The vet said he should be gaining weight x_x. I can feel his ribs (the dog's) but its hard to tell on him because he's sort of fluffy and getting more fluffy...I can't see anything but fur.

I also don't free feed because I'm still house training...


----------



## MiniGrace (Oct 31, 2011)

I have a five month old that weighs 2.75 lbs. I just started using Ziwipeak but before that she was eating 1/4 c dry plus 1/4 c canned split into two meals daily. Most of the time the amount listed on the bag is too much, but based on what my girl was eating I would feed your little guy 1/4 c twice a day and and adjust from there. He sounds a little bony to me from what you are saying. Can you feel the bones in his backbone?

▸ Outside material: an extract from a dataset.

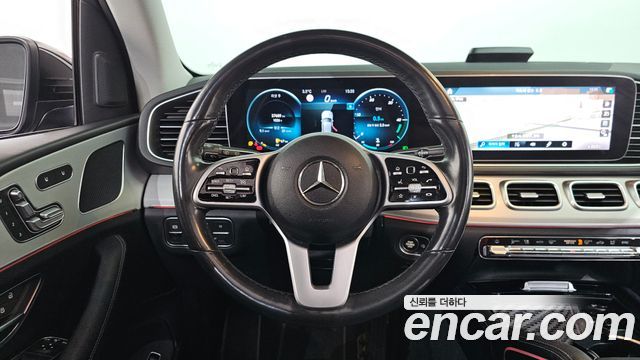 Mercedes-Benz GLE-Class 2020 — photo 13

That's great that he likes the Origen that well. I am really impressed with that food from what I've read about it.


----------



## KrystalLeigh (Aug 17, 2011)

I think as long as he's eating all of his food, and is gaining at least some weight that you're doing a great job! I wouldn't worry about over feeding him, unless he's making himself sick. During part of Odie's puppyhood, we did scheduled feedings, but would let her eat as much as she wanted every 2 hours. Unless it's a puppy food, the amount on the side of the bag is for adults as well, and is generalized and not specific for the size of the dog.


----------



## DKT113 (Nov 26, 2011)

I am transitioning from Royal Canin to Orijen I am doing a mix of 2:1 Royal Canin: Orijen ~ mixed it in a snack size ziplock ~ am watching the poos to make sure they stay firm and will adjust from there. I feed 4 times a day: 6a 10a 2p & 6p we're potty training as well.

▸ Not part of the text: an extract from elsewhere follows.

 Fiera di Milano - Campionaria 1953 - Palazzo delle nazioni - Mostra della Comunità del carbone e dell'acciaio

This morning Rio ate like a freight train. Yesterday though she played her little heart out so I figured she might be a bit hungrier this morning ~ also 6 pm to 6 am is her longest stretch without food. With puppies I have usually just let them graze within reason. I keep the bowl down about 15 minutes or so so she can eat at a pace she likes and top off within the time the bowls are down. If she doesn't eat a bunch at one of the feedings after the 15 minutes the bowls come up and she has to wait until the next. My family has never had an animal of any sort that wouldn't eventually eat when they were ready so unless we rescued something very tiny or injured ~ we didn't get into the hand feeding (everyone does things different though).

Once they get a bit older and potty training is about locked in I just go by looking at them & by how they act act the bowl I don't measure. Additionally when she gets older she won't eat 4 times a day, most likely we'll go to 3 times and then 2. 

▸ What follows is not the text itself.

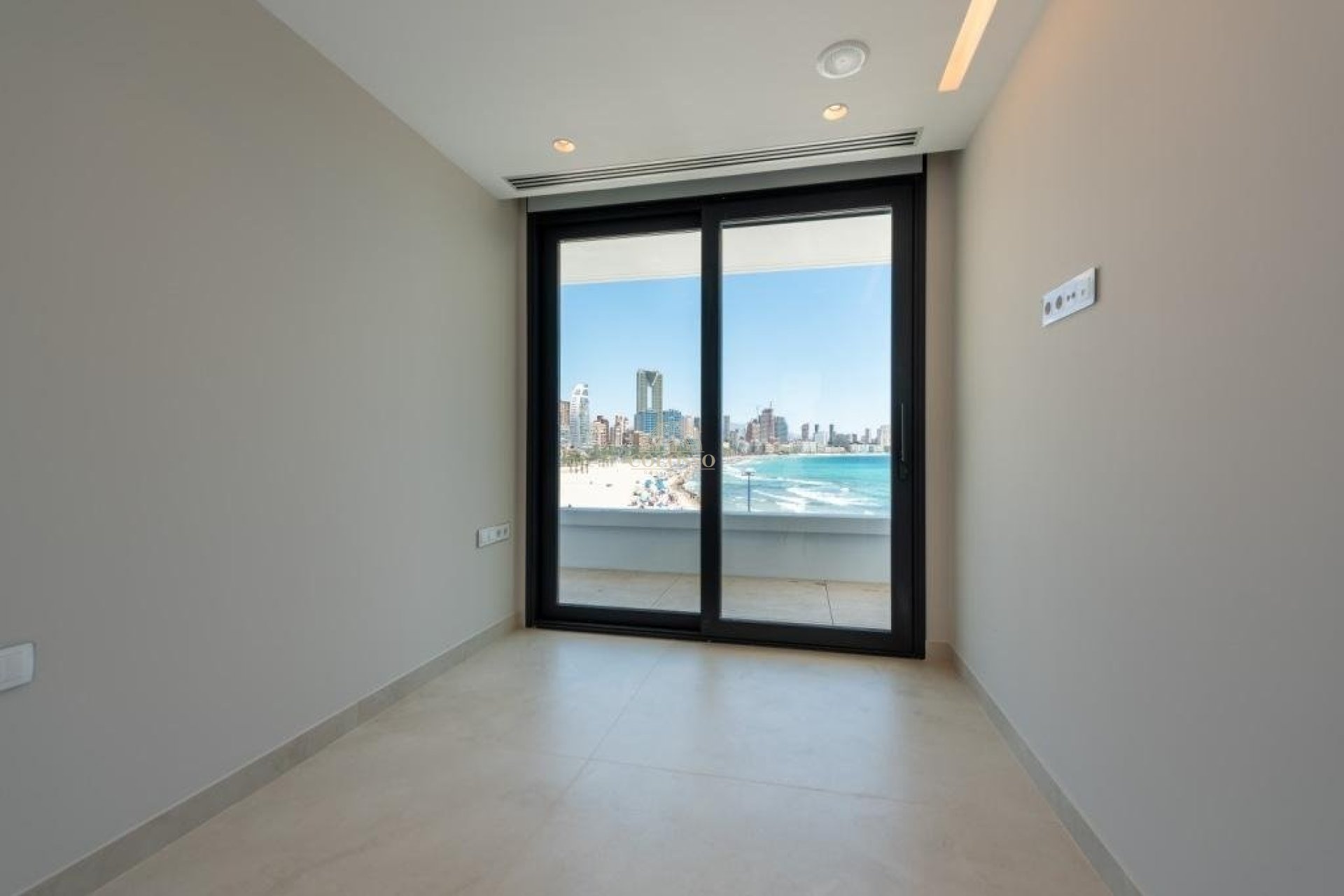 Reventa - Apartamento -
Benidorm - Poniente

When I feed her at 10 I will use a measuring cup just to see how much she is eating for a comparison. But her eating 4 times a day and yours eating twice could mean a big difference in quantity. Rio doesn't weigh 2 pounds yet so the weights are pretty close. I do think at 4 months old you might want to consider/ look into / talk to someone about adding another meal just because Fluffers is young ~ a few smaller meals a day might help with him gulping food down so quickly ~ but that would be something someone with more experience would know more about. I'll let you know after 10 about how much is going into her bowl and how much she is eating at that feeding for a comparison ~ that's not to say we don't have very different dogs on different schedules but it will at least be something to compare to.


----------



## DKT113 (Nov 26, 2011)

I filled the bowl as usual and then measured. My 1/4 cup measure was in the dishwasher so I grabbed my 1/3 and it seems like I am putting in about 1/4 cup a feeding or there abouts. the 10 o'clock snack attack she only ate a little bit (few pieces) because she had a bigger breakfast I guess. 

So we'll say she has access to 1/4 cups of food 4 times a day ~ but only a few times since we have had her has she completely chowed it. This morning she did and I remember 1 other time I had to top her off as well within the 15 or so minutes its down. Seems when she plays a bunch she builds up a hunger


----------



## Kaila (Nov 10, 2009)

Teddy goes through periods where he is really not hungry and won't eat much at all. If it goes on for even two days he starts to look noticeably too thin. He's dropped as much as half a pound (from 5 lbs to 4.5 lbs).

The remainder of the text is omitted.